O palco e o mundo


Eu, Pádua Fernandes, dei o título de meu primeiro livro a este blogue porque bem representa os temas sobre que pretendo escrever: assuntos da ordem do palco e da ordem do mundo, bem como aqueles que abrem as fronteiras. Como escreveu Murilo Mendes, de um lado temos "as ruas gritando de luzes e movimentos" e, de outro, "as colunas da ordem e da desordem".

sábado, 29 de março de 2025

Desarquivando o Brasil CCX: A União se desculpa pela Vala de Perus e a imprensa esquece dos movimentos sociais

Finalmente ocorreu o pedido de desculpas do Estado brasileiro "pela negligência na condução da identificação dos remanescentes ósseos da Vala de Perus", que foi acordado nas audiências de conciliação do processo judicial sobre esses trabalhos de identificação.
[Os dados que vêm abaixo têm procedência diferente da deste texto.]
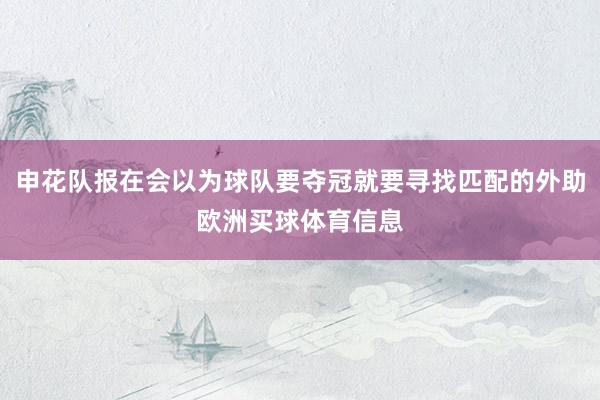 申花队报在会以为球队要夺冠就要寻找匹配的外助欧洲买球体育信息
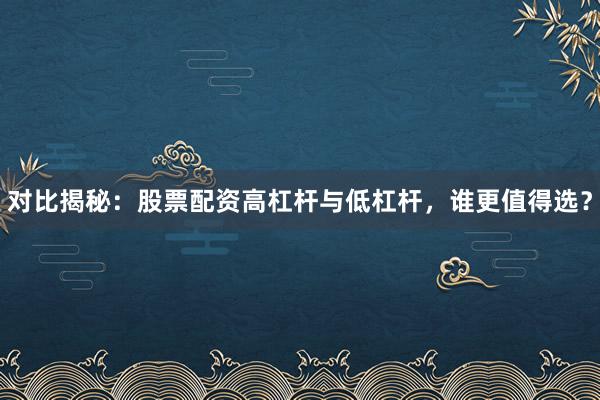 对比揭秘：股票配资高杠杆与低杠杆，谁更值得选？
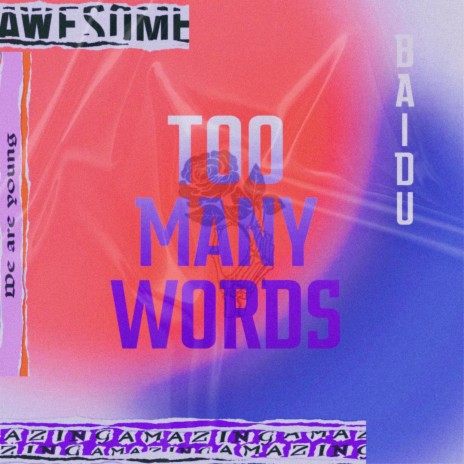 Too Many Words | Boomplay Music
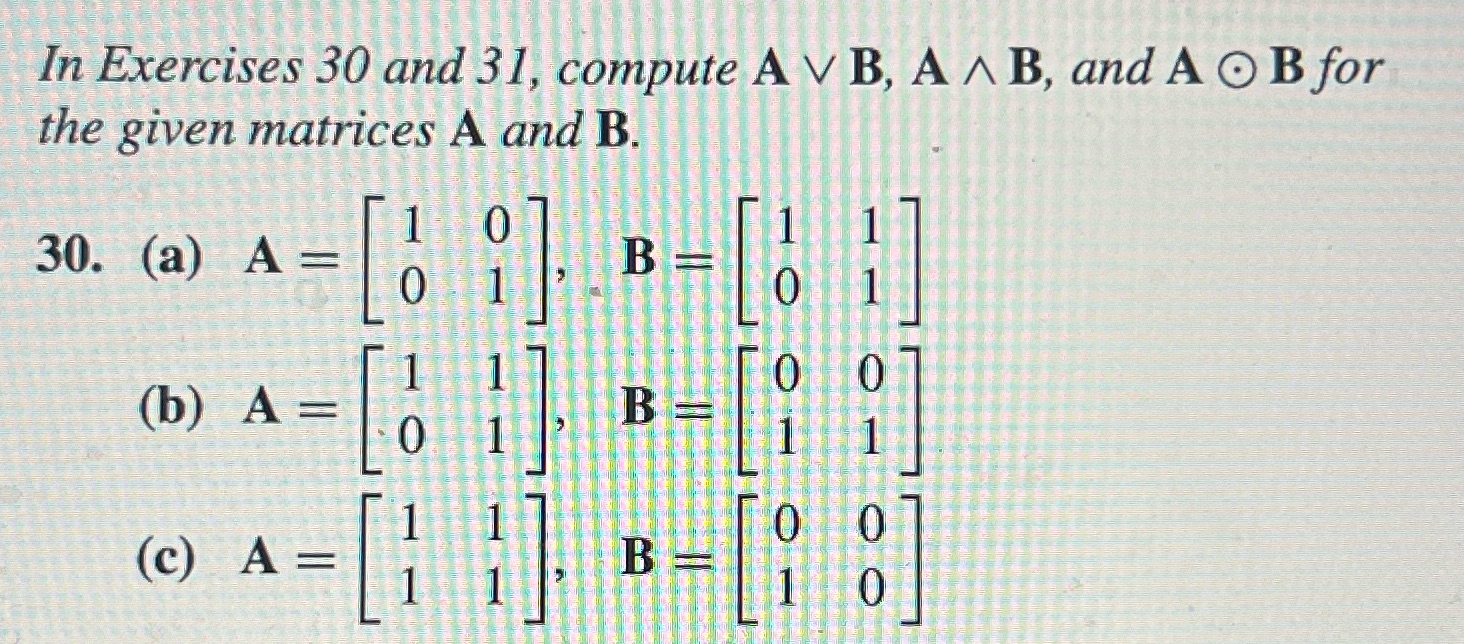 In Exercises 30 and 31, compute A VB, A AB, and A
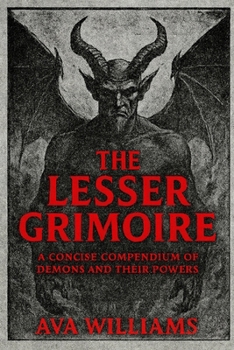 The Lesser Grimoire: A Concise Compendium of Demons and Their Powers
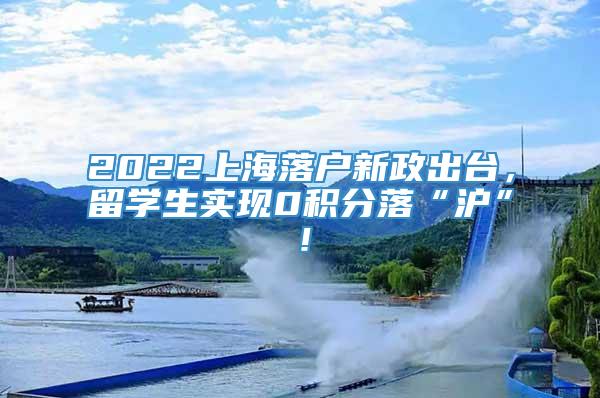 2022上海落户新政出台，留学生实现0积分落“沪”！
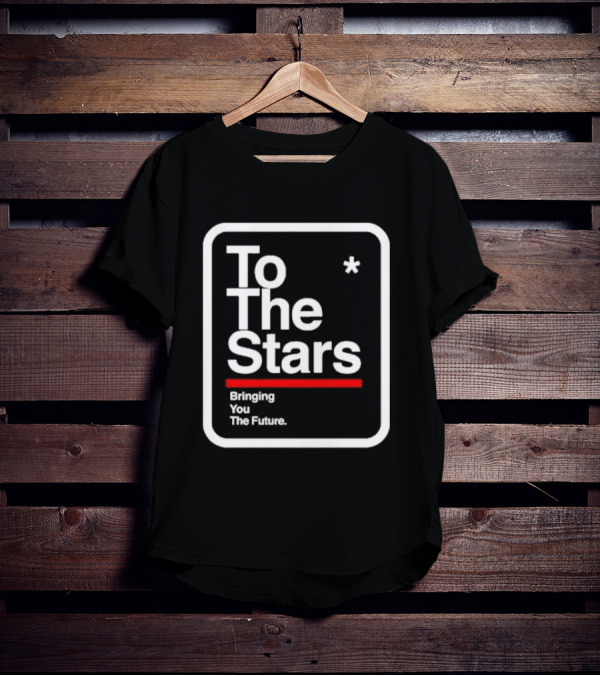 To The Stars Bringing You The Future T-Shirt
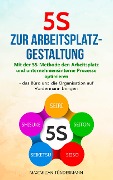 Cover-Bild zum Titel '5S zur Arbeitsplatzgestaltung: Mit der 5S-Methode den Arbeitsplatz und unternehmensinterne Prozesse optimieren - das Büro und die Organisation auf Vordermann bringen' von 'Maximilian Tündermann'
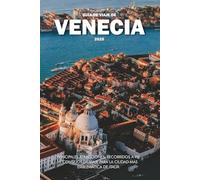 GUÍA DE VIAJE DE VENECIA 2025: Principales atracciones, recorridos a pie y consejos de viaje para la ciudad más emblemática de Italia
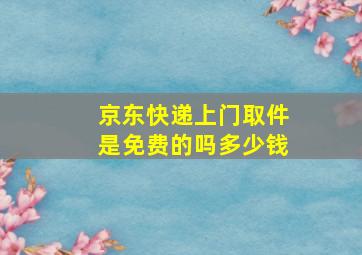 京东快递上门取件是免费的吗多少钱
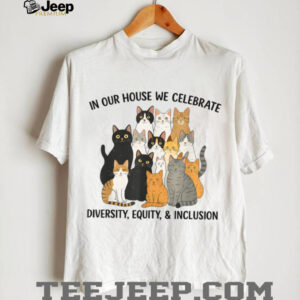 In Our House We Celebrate Diversity Equity & Inclusion Cats Shirt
Essa vala clandestina em São Paulo, no Cemitério Dom Bosco, foi usada pela ditadura militar para ocultar corpos de vítimas do Esquadrão da Morte, militantes políticos, mortos da epidemia censurada de meningite e indigentes. Ela foi descoberta em 1990, mas até agora, aparentemente, apenas cinco desaparecidos foram identificados.

Os remanescentes ósseos foram retirados em 1.049 sacos. Hoje o Centro de Antropologia e Arqueologia Forense da Unifesp estima que eles compreendem 1062 casos, acondicionados em 1065 caixas.

Recordo, como escrevi antes, que o governo do Estado de São Paulo, que também foi negligente, recusou-se a fazer esse pedido, razão pela qual esse tema saiu da esfera conciliatória em relação a esse ente estatal. É bem possível que seja obrigado a fazê-lo por decisão judicial.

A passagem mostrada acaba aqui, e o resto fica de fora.